Dissertation Announcement for Uttam Adhikari. 6/18/15 at 9:00 AM

June 4, 2015

Dear faculty, graduate and undergraduate students, You are cordially invited to my Ph.D. dissertation oral defense. Dissertation Title: Event and intrusion detection systems for cyber physical power systems When: Thursday, June 18, 2015, 9:00 AM Where: Simrall 228 Candidate: Uttam Adhikari Degree: Ph.D., Electrical and Computer Engineering Committee: Dr. Thomas H. Morris Associate Professor of Electrical and Computer Engineering (Major Professor ) Dr. Roger L. King Professor of Electrical and Computer Engineering (Committee Member) Dr. Yong Fu Associate Professor of Electrical and Computer Engineering (Committee Member) Dr. Robert Wesley McGrew Assistant Research Professor of Computer Science and Engineering (Committee Member)

 

Abstract:

High speed data from Wide Area Measurement Systems (WAMS) with Phasor Measurement Units (PMU) enables real and non-real time monitoring and control of power systems. The information and communication infrastructure used in WAMS efficiently transports information but introduces cyber security vulnerabilities.
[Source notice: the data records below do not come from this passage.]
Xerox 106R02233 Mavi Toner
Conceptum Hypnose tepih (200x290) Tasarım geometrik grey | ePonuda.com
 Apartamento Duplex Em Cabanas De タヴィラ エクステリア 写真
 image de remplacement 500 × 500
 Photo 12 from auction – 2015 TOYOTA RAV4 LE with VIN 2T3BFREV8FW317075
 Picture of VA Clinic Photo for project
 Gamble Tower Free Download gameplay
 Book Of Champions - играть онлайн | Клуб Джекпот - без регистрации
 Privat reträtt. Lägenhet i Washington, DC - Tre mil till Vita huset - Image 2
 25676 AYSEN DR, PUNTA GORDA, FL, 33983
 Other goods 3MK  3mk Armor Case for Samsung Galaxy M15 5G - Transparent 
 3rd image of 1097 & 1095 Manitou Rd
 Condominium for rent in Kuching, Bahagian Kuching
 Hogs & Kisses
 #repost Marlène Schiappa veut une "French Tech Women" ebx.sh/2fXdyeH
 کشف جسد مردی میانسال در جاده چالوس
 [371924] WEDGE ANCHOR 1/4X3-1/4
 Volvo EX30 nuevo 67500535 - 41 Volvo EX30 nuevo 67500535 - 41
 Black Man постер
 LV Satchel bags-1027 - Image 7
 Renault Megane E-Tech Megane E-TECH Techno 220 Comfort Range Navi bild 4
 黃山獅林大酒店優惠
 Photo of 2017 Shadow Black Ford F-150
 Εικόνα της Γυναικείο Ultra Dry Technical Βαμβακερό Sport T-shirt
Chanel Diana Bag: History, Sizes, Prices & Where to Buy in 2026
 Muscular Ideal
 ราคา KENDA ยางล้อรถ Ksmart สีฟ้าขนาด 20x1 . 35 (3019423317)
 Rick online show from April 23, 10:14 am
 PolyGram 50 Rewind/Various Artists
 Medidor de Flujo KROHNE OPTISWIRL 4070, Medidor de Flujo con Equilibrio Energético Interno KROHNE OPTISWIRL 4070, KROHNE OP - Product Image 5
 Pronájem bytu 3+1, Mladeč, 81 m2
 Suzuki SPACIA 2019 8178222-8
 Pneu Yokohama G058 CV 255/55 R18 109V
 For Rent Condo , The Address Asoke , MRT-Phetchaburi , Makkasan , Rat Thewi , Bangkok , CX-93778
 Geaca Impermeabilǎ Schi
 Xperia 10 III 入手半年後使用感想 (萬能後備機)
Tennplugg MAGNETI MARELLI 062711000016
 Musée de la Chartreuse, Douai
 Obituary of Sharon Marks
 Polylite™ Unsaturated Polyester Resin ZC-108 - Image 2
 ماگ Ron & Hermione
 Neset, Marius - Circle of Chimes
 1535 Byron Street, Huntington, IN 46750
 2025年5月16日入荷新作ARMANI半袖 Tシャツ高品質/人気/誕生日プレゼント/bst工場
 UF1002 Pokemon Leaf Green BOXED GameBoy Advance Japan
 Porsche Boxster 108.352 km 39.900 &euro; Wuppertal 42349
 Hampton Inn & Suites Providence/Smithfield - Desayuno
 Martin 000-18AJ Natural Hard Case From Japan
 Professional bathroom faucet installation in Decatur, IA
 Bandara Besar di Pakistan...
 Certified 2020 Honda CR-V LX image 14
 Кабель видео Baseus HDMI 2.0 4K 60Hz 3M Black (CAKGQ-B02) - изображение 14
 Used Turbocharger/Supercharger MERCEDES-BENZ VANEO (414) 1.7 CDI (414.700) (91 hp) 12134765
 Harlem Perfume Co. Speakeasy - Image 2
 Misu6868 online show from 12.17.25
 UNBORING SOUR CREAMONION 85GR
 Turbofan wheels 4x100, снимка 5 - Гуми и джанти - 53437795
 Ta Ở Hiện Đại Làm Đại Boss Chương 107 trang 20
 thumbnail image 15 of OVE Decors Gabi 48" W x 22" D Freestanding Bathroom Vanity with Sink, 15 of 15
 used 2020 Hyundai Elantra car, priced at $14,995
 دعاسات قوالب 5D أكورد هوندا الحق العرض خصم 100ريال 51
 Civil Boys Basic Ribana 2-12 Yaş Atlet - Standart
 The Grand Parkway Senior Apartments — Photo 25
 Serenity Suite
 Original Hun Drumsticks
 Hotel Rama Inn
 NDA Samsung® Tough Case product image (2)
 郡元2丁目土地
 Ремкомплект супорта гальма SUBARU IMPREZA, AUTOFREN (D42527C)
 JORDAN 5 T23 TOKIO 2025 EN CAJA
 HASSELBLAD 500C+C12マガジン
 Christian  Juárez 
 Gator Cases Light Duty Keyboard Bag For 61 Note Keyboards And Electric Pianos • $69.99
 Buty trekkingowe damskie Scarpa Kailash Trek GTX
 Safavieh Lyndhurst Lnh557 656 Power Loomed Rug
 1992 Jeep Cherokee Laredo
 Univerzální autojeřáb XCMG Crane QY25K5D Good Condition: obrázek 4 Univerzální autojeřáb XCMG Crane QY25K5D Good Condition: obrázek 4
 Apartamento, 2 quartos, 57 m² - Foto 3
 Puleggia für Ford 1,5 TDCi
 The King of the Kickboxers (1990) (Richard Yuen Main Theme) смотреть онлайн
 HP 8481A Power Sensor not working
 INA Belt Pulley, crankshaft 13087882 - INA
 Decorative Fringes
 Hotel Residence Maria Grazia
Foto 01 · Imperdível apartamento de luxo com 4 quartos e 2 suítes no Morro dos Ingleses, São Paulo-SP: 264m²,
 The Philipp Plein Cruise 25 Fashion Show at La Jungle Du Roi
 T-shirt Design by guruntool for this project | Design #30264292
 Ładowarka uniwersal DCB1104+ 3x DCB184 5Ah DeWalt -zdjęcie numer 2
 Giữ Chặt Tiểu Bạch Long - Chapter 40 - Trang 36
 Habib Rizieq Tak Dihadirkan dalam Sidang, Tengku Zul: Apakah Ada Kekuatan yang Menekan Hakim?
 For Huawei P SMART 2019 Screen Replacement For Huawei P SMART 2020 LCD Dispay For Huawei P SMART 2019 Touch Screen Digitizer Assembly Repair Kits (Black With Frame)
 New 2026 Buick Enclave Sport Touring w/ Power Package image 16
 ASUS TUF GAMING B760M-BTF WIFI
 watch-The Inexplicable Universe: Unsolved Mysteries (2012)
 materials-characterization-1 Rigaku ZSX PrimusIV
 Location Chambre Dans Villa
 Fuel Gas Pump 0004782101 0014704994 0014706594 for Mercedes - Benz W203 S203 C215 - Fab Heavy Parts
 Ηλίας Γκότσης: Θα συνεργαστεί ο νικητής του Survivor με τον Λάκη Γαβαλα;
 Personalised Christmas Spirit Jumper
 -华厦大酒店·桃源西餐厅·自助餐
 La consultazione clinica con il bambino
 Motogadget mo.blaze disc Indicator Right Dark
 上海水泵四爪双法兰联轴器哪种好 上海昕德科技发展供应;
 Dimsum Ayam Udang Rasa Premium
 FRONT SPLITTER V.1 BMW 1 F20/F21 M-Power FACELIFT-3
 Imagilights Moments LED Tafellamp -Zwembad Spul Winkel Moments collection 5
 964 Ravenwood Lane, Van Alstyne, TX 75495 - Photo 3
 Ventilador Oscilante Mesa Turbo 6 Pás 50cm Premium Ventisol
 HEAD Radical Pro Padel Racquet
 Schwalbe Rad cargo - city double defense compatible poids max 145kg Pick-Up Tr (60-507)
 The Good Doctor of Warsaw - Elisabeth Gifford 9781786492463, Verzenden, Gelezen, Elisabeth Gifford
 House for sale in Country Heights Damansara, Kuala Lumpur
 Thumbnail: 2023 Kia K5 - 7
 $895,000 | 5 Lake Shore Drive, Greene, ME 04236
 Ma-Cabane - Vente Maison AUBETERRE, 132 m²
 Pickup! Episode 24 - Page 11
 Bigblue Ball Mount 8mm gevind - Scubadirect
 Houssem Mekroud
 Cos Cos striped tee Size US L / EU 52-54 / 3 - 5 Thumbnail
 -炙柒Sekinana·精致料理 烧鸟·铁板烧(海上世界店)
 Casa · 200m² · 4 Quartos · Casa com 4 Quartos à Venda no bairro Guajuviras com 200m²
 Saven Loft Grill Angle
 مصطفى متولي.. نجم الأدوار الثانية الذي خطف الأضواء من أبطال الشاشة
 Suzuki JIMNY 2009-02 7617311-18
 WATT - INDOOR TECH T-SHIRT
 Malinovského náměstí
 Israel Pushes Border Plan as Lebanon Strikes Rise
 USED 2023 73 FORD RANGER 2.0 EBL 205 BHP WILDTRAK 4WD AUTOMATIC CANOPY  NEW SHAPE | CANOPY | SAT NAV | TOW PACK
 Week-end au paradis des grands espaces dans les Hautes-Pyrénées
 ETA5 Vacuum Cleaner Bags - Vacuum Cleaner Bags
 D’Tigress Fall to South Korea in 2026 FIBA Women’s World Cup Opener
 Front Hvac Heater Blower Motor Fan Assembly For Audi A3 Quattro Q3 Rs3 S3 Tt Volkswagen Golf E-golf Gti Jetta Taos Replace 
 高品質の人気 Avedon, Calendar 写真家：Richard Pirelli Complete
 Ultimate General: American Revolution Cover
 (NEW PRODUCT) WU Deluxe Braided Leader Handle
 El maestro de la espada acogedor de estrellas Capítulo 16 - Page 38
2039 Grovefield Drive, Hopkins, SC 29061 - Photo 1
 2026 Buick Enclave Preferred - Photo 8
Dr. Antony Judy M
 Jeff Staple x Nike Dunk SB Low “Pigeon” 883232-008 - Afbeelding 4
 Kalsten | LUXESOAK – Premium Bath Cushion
Adversaries may exploit such vulnerabilities to create cyber-attacks against the electric power grid. Control centers need to be updated to be resilient not only to well-known power system contingencies but also to cyber-attacks. Therefore, a combined event and intrusion detection systems (EIDS) is required that can provide precise classification for optimal response.

This dissertation describes a WAMS cyber-physical power system test bed that was developed to generate datasets and perform cyber-physical power system research related to cyber-physical system vulnerabilities, cyber-attack impact studies, and machine learning algorithms for EIDS. The test bed integrates WAMS components with a Real Time Digital Simulator (RTDS) with hardware in the loop (HIL) and includes various sized power systems with a wide variety of implemented power system and cyber-attack scenarios.

This work developed a novel data processing and compression method to address the WAMS big data problem. The State Tracking and Extraction Method (STEM) tracks system states from measurements and creates a compressed sequence of states for each observed scenario. Experiments showed STEM reduces data size significantly without losing key event information in the dataset that is useful to train EIDS and classify events.

Two EIDS are proposed and evaluated in this dissertation. Non-Nested Generalized Exemplars (NNGE) is a rule based classifier that creates rules in the form of hyperrectangles to classify events. NNGE uses rule generalization to create a model that has high accuracy and fast classification time. Hoeffding adaptive trees (HAT) is a decision tree classifier and uses incremental learning which is suitable for data stream mining. HAT creates decision trees on the fly from limited number of instances, uses low memory, has fast evaluation time, and adapts to concept changes. The experiments showed NNGE and HAT with STEM make effective EIDS that have high classification accuracy, low false positives, low memory usage, and fast classification times.